Boston Cookies

This classic cookie has a newspaper tie-in. According to the well-researched newenglandrecipes.org, the Boston Cookie recipe considered “standard” dates to an 1896 Fannie Farmer cookbook; that recipe uses cinnamon instead of nutmeg and includes nuts. But this recipe, with nutmeg and no nuts, looks like the earliest known printed version, from The Household (of the Detroit Free Press): A Cyclopedia of Practical Hints of Modern Homes (2nd Edition).

Color me impressed by newenglandrecipes.org and also a bit surprised that the Missouri version of Boston cookies would match the original version… from Detroit?

This is the front of an envelope. The back is here: Butter Scotch Cookies.

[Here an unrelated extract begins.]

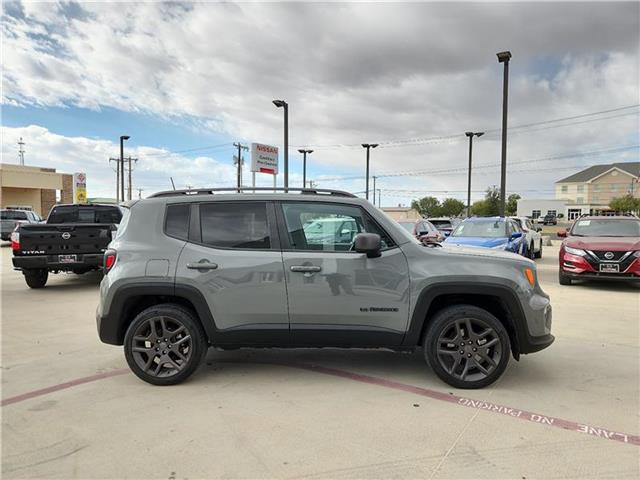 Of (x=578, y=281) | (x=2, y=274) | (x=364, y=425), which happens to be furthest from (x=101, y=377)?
(x=578, y=281)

From the box of S.H. of Marshall, Missouri.

Boston Cookies

1 1/2 cups brown sugar
3/4 cup butter or lard
3 well beaten eggs
2 1/2 cups sifted flour
1 1/2 cups raisins (chopped)
1 Tbsp. hot water
1 tsp. baking soda
Pinch salt
1/4 tsp. nutmeg
1/4 tsp. cloves
1/4 tsp. mace

Drop by teaspoon-full on cookie sheet. Bake, 325 deg. about 8 or 10 min.